### Task to complete:
The exercise asks you to copy every line below in which "with" appears.

### Data in this exercise:
◇ ◇ ◇ ◇ ◇ ◇ ◇
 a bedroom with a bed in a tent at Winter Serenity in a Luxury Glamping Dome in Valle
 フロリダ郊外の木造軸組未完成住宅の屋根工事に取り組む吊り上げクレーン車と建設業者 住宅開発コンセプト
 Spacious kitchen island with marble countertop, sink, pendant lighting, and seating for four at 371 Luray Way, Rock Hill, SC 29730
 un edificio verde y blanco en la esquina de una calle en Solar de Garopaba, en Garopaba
◇ ◇ ◇ ◇ ◇ ◇ ◇
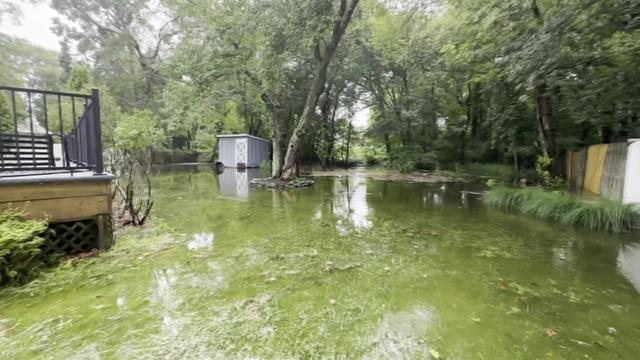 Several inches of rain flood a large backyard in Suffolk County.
◇ ◇ ◇ ◇ ◇ ◇ ◇
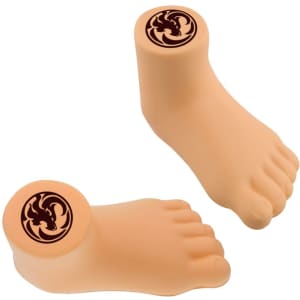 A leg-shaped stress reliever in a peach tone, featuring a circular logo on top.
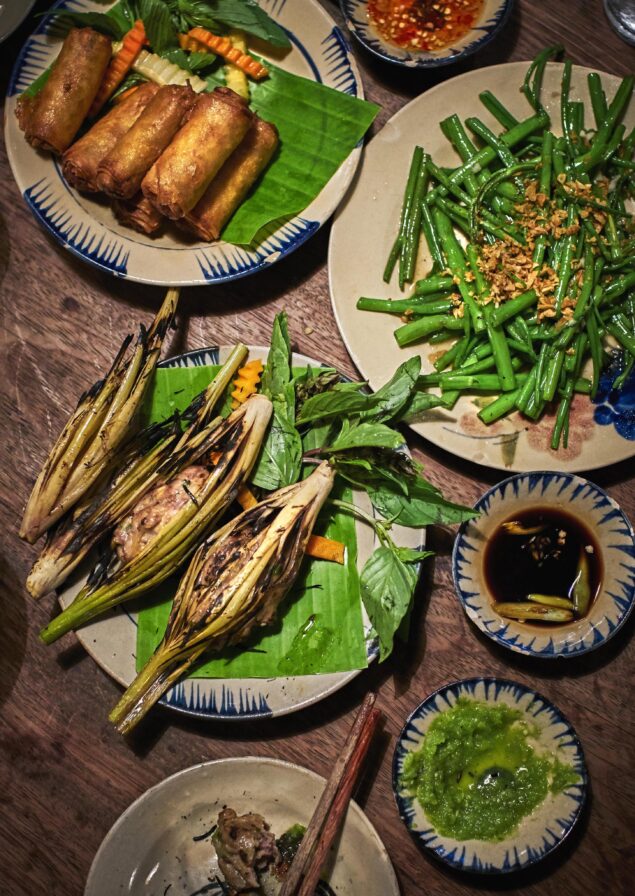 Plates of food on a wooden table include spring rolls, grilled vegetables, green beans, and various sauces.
◇ ◇ ◇ ◇ ◇ ◇ ◇
### Task response:
 a bedroom with a bed in a tent at Winter Serenity in a Luxury Glamping Dome in Valle
 Spacious kitchen island with marble countertop, sink, pendant lighting, and seating for four at 371 Luray Way, Rock Hill, SC 29730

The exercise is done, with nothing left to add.